Passada a Huesera ainda resta uma boa parte dificil, uns dois km., mas creio que os farei sem problemas, se os olhos não me caírem ao chão. Já não me falta muito e oiço que alguém pronuncia o meu nome. "Porra, penso, vou tão mal que os outros já me alcançaram, os tais que deixei para trás desde o principio?" Olho pelo retrovisor e chego a distinguir uma arroba. Não pode ser Angel, que gosta de subir mais devagar que eu, assim tento distinguir-lhe a cara, a ver se o conheço. Quem quer que seja, já acelerou e alcança-me, e então reconheço-o. È Alberto Ibarretxe, o txirrindulari de Bilbau, que dissera que viria só fazer a subida! Baixo um pouco o ritmo e trocamos umas palavras. Ele vai muito confortável, imagino que graças à pedaleira tripla (veio com pneus tipo tractor), mas começo a notar picadas nas pernas e, sobretudo, doem-me os olhos. Aproximamo-nos da última rampa antes do Mirador, que é um ésse terrífico, de 12 a 14%, e tenho medo de chatear as pernas com as cãibras, assim, digo ao Alberto que vou parar um momento e refugio-me debaixo da sombra de um arbusto. Estou a ponto de contraturar o quadricipe, mas finalmente aguenta-se. Tiro os óculos, o capacete, e lavo os olhos com agua do bidão. Que alivio! Tinham-nos dado um pouco de óleo para massajar, que aproveito para untar as coxas generosamente. Devo ter uma aparência infame, mas ao menos os meus olhos descansarão. Coloco o capacete de novo, ponho os óculos e disponho-me a prosseguir. Um senhor aproxima-se de mim e oferece-se para me ajudar a montar e dar-me um empurrãozito. O mais amavelmente que posso agradeço-lhe e digo-lhe que não é necessário, que parei mais pelos olhos que pelas pernas e, efectivamente, subi para a bicicleta, engancho os pedais, e num instante passo a rampa e estou no Miradouro da Reina. Aqui foi onde o ano passado, atascado de frio e com as pernas contraturadas, tive que parar. Tenho um pouco de receio, mas os meus musculuzitos portam-se bem e continuo a subida tranquilamente.

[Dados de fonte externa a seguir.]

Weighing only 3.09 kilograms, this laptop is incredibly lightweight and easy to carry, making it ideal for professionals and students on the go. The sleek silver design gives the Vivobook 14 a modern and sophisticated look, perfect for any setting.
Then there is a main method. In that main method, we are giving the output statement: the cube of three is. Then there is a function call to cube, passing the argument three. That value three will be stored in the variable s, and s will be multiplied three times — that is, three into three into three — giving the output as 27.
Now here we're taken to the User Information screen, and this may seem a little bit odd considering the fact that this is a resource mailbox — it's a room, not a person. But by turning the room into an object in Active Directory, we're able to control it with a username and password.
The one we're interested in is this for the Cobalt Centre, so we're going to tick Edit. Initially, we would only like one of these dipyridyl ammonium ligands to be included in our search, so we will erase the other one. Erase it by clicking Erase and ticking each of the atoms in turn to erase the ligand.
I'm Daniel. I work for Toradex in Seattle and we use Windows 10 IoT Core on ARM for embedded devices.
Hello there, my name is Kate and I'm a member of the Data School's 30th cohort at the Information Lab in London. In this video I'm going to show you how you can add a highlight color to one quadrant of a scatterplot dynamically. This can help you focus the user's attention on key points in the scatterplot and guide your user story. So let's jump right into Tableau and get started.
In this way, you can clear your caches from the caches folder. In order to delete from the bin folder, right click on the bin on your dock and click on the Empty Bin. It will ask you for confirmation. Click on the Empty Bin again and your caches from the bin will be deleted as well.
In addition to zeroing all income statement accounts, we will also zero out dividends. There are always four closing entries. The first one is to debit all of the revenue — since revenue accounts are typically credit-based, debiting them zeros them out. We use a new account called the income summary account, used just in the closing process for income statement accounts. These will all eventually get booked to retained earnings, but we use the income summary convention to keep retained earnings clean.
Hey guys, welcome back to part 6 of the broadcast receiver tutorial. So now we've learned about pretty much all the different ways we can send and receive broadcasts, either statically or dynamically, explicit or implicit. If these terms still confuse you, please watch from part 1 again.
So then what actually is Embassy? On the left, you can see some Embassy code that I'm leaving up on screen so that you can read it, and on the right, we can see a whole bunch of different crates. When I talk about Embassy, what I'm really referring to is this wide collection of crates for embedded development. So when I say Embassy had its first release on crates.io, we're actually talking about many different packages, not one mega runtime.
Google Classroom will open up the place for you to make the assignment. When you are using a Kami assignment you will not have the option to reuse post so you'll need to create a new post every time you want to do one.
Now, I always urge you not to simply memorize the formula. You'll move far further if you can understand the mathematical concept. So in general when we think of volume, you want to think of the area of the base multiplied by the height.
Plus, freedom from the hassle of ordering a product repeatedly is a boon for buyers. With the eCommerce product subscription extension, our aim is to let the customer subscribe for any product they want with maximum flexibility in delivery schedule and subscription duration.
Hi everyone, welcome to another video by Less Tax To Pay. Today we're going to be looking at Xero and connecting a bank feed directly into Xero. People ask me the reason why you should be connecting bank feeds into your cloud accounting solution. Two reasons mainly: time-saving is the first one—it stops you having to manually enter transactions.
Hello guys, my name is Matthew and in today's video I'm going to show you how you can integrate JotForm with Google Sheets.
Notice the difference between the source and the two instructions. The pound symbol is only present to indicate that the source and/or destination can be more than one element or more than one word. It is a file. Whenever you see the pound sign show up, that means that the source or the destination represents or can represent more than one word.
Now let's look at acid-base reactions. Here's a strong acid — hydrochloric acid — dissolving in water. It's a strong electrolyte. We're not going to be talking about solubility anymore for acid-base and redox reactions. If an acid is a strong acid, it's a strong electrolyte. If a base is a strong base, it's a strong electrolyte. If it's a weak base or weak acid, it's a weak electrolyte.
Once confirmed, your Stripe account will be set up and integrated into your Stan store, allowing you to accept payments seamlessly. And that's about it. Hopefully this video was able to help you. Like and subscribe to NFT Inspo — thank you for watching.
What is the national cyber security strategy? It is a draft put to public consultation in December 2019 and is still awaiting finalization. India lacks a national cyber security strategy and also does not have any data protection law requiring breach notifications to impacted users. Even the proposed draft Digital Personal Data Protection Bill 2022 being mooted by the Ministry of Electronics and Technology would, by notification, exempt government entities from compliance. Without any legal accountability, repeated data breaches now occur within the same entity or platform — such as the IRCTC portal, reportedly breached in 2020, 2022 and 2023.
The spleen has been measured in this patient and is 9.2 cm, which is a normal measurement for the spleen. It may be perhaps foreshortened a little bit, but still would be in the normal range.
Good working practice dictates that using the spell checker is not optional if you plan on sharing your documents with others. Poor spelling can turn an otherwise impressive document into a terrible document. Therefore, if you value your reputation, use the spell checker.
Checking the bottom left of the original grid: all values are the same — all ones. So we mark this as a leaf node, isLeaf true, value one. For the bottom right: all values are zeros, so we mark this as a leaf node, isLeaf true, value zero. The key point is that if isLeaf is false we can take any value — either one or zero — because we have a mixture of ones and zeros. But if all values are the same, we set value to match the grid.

Pensei que faltava menos, mas ainda faltam uns quilómetros muito pesados até à primeira zona com agua. Continuo sentado quase todo o tempo, desfrutando da paisagem, que o ano passado estava tapada pela neblina, e ultrapassando mais maralha. Não é que vá a assobiar, mas sei que já passei o pior e que certamente chegarei lá a cima sem mais problemas. Na primeira descida cruzo-me com os que já regressam, alguns jurando em pragas por ter que subir nessa rampa, que deve ser de 10% e que dói bastante, depois de tudo feito. Nova subida, as pessoas dizem que já não falta quase nada (isso já eu sei, he, he) e descida para o primeiro lago. Bonita paisagem, muita gente, aplaudem e sorrio. Agora já se vêem os cumes, ainda com neve, dos Picos da Europa. Dão vontade de parar para desfrutar da paisagem, mas afronto a última encosta e vejo o lago Enol !QUE BONITOOOO!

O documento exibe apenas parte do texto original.